The Ronald McDonald House near Lurie Children’s Hospital was Priscilla and Tyler’s primary home for five months.
“How wonderfully we were treated there, along with the caring, hardworking people we met while getting the opportunities to decompress, restored my faith in humanity,” says Lang, who met her future husband while both were distance runners at rival downstate high schools Roxana and Wood River.
“After moving up here, to live in Chicago before moving to Highland Park two years ago, I felt I was a missing part of a tribe. With Opal’s medical issues since December, I couldn’t go home to Roxana because I needed and wanted to be here for my daughter. Then, with doctors and nurses and Ronald McDonald House volunteers coming together for us, suddenly I had a tribe again.”
Lang, an acupuncturist and yoga instructor, and her father, David, were in the Langs’ living room in Highland Park last December when Opal—who had received a pacemaker after being diagnosed with bradycardia, or a slow heartbeat— started to make a strange noise. The 15-month-old girl turned blue. She groaned.
She lost consciousness.
“I told my dad, ‘Call 911!’” Lang says. “I gave Opal CPR. As I’m doing that and looking at her, I’m thinking, ‘OK, that’s a patient.’ I wasn’t freaking out.”
Opal was airlifted to Lurie Children’s, where doctors determined she would need a heart transplant. While on life support a second time, she suffered a stroke.
Opal and her second heart continue to undergo six hours of therapy each week at Shirley Ryan AbilityLab in Glenview.
“About 90 percent of her skills are back,” Lang says. “The therapists say Opal is serious about her therapy. The way she’s grown since the transplant, how much energy she has, I’m amazed, and I’m grateful each time I realize someone else’s heart is in my child.
“I see Opal flourishing in therapy, going for it.”Opal Lang is a major figure in a Ronald McDonald House of Chicago and Northwest Indiana ad campaign. Images of her can be seen on bus shelters and other structures in Chicago.
“One of my husband’s friends took a picture of a Ronald McDonald House ad in the city and
texted it to him,” Lang says. “The message was, ‘We saw Opal today.’We are beyond grateful for everything Ronald McDonald House did for us from start to finish. Those red Ronald McDonald House containers you see in McDonald’s restaurants, with donated money in them? I look at those totally differently now.”
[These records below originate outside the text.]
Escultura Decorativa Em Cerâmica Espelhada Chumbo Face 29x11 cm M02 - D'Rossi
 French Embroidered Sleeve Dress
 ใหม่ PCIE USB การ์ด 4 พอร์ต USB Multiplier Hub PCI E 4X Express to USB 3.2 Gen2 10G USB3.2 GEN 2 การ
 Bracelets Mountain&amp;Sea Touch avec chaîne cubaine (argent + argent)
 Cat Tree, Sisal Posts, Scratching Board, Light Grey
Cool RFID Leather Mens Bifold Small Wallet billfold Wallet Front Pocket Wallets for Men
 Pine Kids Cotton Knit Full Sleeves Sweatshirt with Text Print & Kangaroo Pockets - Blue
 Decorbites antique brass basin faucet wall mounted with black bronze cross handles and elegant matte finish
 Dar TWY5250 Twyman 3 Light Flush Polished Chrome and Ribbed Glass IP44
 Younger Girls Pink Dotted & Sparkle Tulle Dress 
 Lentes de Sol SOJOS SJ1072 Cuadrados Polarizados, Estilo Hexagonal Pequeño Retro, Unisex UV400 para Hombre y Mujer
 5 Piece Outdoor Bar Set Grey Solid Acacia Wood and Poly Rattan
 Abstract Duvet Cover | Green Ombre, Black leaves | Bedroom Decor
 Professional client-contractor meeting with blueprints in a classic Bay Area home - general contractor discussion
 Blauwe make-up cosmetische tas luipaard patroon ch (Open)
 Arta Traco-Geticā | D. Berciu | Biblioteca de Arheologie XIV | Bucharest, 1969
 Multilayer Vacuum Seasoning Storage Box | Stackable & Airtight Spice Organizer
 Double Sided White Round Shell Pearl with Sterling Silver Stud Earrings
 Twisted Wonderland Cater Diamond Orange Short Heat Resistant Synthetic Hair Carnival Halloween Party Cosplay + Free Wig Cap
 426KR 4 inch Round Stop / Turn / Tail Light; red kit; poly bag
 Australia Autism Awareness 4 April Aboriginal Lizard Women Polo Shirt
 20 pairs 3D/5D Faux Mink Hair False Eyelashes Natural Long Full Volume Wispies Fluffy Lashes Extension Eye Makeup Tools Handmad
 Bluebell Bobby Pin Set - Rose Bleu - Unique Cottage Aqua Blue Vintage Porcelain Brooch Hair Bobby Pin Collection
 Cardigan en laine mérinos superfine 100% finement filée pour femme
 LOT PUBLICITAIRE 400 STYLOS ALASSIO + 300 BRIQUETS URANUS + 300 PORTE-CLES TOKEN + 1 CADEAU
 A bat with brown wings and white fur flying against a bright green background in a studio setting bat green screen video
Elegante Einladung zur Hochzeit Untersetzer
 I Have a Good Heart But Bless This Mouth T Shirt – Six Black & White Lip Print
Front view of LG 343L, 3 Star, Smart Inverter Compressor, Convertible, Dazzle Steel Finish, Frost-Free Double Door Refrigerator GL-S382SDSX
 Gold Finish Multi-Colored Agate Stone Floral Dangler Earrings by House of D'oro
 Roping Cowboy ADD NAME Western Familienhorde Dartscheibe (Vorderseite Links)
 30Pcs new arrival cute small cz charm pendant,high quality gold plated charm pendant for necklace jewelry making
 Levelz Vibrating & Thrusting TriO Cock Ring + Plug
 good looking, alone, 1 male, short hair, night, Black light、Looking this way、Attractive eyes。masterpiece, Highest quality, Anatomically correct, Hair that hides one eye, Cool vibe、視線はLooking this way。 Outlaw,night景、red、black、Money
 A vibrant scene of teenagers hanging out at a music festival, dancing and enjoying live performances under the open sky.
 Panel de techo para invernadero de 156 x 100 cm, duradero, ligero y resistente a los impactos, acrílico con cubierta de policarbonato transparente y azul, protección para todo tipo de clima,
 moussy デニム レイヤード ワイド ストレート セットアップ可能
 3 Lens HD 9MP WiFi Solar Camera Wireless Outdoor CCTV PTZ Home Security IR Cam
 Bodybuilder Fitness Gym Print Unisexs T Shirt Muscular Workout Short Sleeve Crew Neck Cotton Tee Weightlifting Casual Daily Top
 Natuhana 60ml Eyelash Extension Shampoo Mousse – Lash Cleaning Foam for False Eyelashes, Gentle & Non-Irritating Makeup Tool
Among Lang’s favorite sounds today? The extended roar a menacing Opal makes after someone asks her to imitate a lion.
“Opal is so enthusiastic, and she can be such a ham at times, quite a character,” a beaming Lang says. “She’s social and intrigued about things all around her.”
Months before the birth of her little brother, Opal Moon Lang would tap-tap her mother’s belly and coo, “Baby, baby.”
“And 48 hours after Apollo was born,” Priscilla Lang says, “Opal snuggled up against him.”